In many statistical papers, you will see Confidence Intervals (or CIs) reported, usually at the 95% threshold. But what does that actually mean?

The first step in understanding a CI is that there is a “point estimate” or statistic from a sample. The usual statistic first encountered in research is a sample mean, although many other statistics, such as effect size estimates, can be used for point estimates within CIs.

What is good about a CI is that the range of the CI – from the lowest value to the highest value – indicates how much error is used in the measurement of the “point estimate” or statistic from a sample.

Keep in mind that the standard error is a basic measure of variability that accounts for how much error exists when relating the sample results to the true values of a parameter in a population. In our example below, the standard error comes from the standard deviation divided by the square root of the sample size. Therefore, a larger sample of data will result in a smaller amount of standard error in estimating the population value of a parameter. This makes sense because if you have more cases in a sample from a population, you are more likely to estimate the true values of a parameter in a population.

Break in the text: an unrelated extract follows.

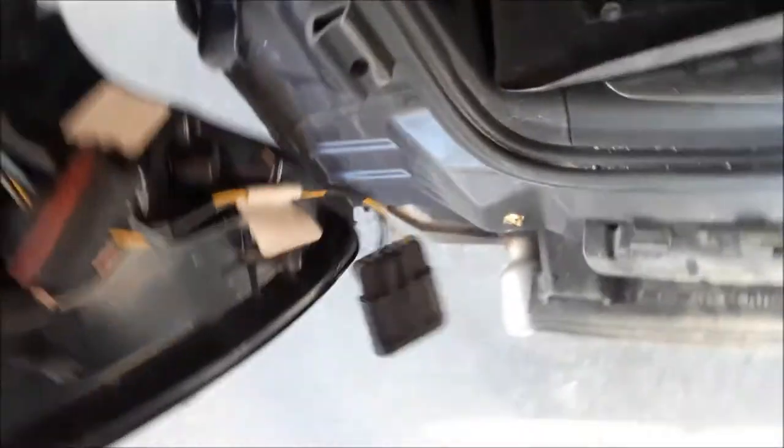So that was a quick one — two push pins holding it in, two there going into a grommet, and then the two we took out here. There's a wiring harness and that's it. Real easy to do.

For example, let’s say we have a sample of data from 42 fathers, where they provide ratings of their confidence in fathering as well as the time spent with their children. Here are the “point estimates” with standard errors and CIs.

Confidence in Fathering where the mean = 32.50, standard error = .70, CI = [31.20, 33.90]

Time Spent With Children where the mean = 8.00, standard error = .20, CI = [7.70, 8.30]

Notice that the range in the first CI is 2.7, which comes from the distance between the upper and lower limits of 31.20 and 33.90.

In comparison, the range in the second CI is 0.6, which comes from the distance between the upper and lower limits of 7.70 and 8.30.

The basic idea here is that when there is more standard error, then the range of the confidence intervals is bigger, which means that our point estimate is less accurate.

CIs are based on a proportion of confidence in the sample point estimate, that is, related to a set probability of the estimate occurring. This is because, from one sample alone, there is no way to know the value of the true population mean. Therefore, we need to estimate how likely it is that the true population value of the mean lies within the calculated CI.

As a general rule researchers like to state the confidence level as 95%. However, CIs can use other levels of significance such as .01 and .10 as a basis for constructing the interval. Accordingly, if 95% CIs were to be calculated from many repeated samples from the population, the population mean would fall within the limits of the CI in 95% of the samples. However, 5% of the CIs will not capture the population mean. Basically, if you were to sample the population 100 times, 95 times the sample mean would fall within the limits of the 95% CI.

CIs can be also calculated for effect size measures such as the T-test or correlation coefficient. An interesting fact about effect size point estimates based on the normal distribution is that in cases where the interval or the distance between the upper and lower limits of the CI includes 0, the effect measured by the point estimate is statistically insignificant.

To properly construct a CI, a sample should be randomly selected from the population, or the researchers must assume that a convenience sample adequately represents the population, with the results similar to what would have been observed had a true random sample be used. In addition, it must be assumed that the population has a normal distribution for the variable of interest or at least an approximately normal distribution.